**** DATA PROVIDED ****

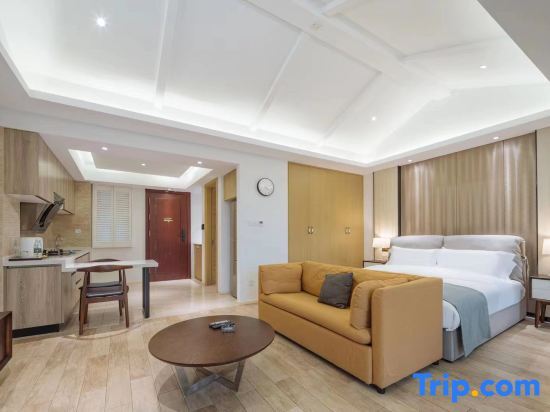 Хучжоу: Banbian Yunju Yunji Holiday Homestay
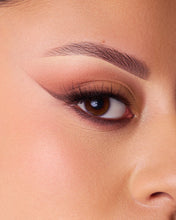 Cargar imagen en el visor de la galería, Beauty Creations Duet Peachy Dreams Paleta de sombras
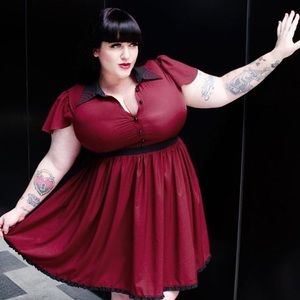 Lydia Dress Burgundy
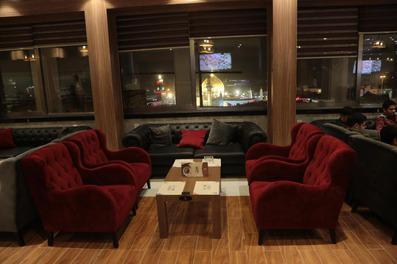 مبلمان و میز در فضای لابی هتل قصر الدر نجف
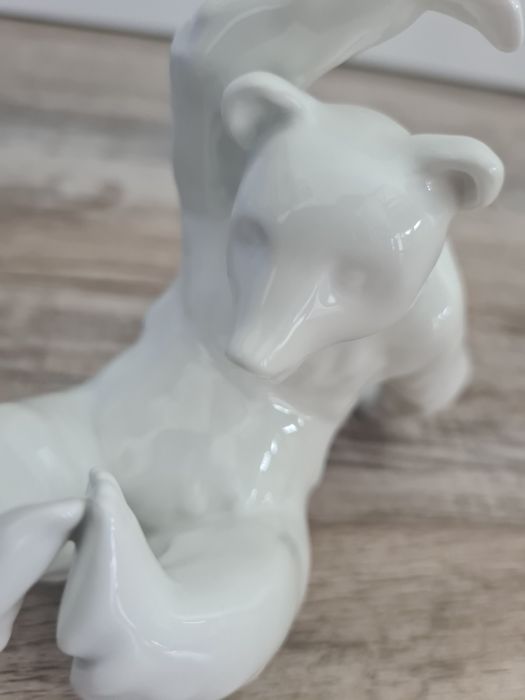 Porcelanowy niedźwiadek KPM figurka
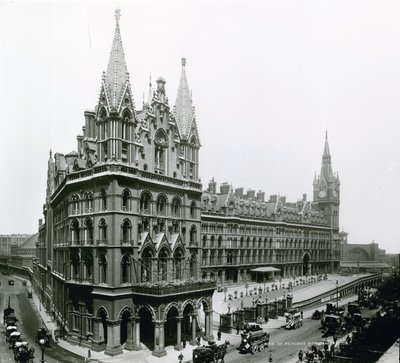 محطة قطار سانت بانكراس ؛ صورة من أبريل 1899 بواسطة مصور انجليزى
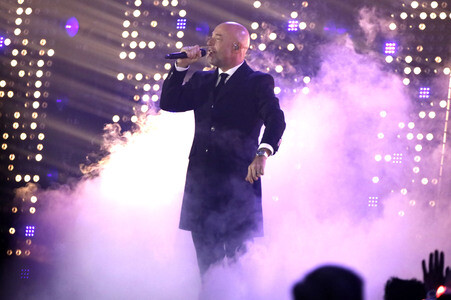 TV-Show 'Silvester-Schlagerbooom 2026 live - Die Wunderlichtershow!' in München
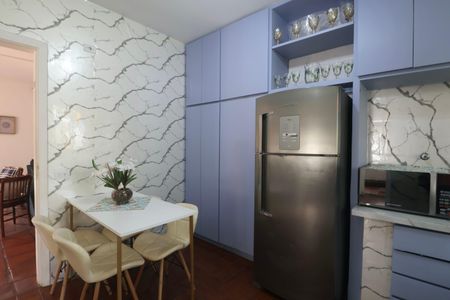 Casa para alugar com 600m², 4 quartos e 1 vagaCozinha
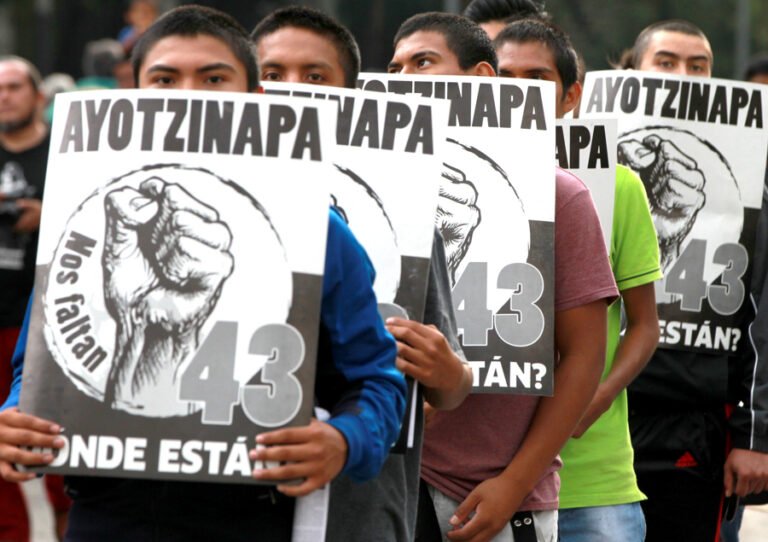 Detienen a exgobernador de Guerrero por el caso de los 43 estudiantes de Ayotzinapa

****

> [AIM OF THE TASK]: Skip the pictures and transcribe the rest of the records exactly.

> [OUTPUT FOR THIS EXERCISE]:
 Хучжоу: Banbian Yunju Yunji Holiday Homestay
 Cargar imagen en el visor de la galería, Beauty Creations Duet Peachy Dreams Paleta de sombras
 Lydia Dress Burgundy
 مبلمان و میز در فضای لابی هتل قصر الدر نجف
 Porcelanowy niedźwiadek KPM figurka
 محطة قطار سانت بانكراس ؛ صورة من أبريل 1899 بواسطة مصور انجليزى
 TV-Show 'Silvester-Schlagerbooom 2026 live - Die Wunderlichtershow!' in München
 Casa para alugar com 600m², 4 quartos e 1 vagaCozinha
 Detienen a exgobernador de Guerrero por el caso de los 43 estudiantes de Ayotzinapa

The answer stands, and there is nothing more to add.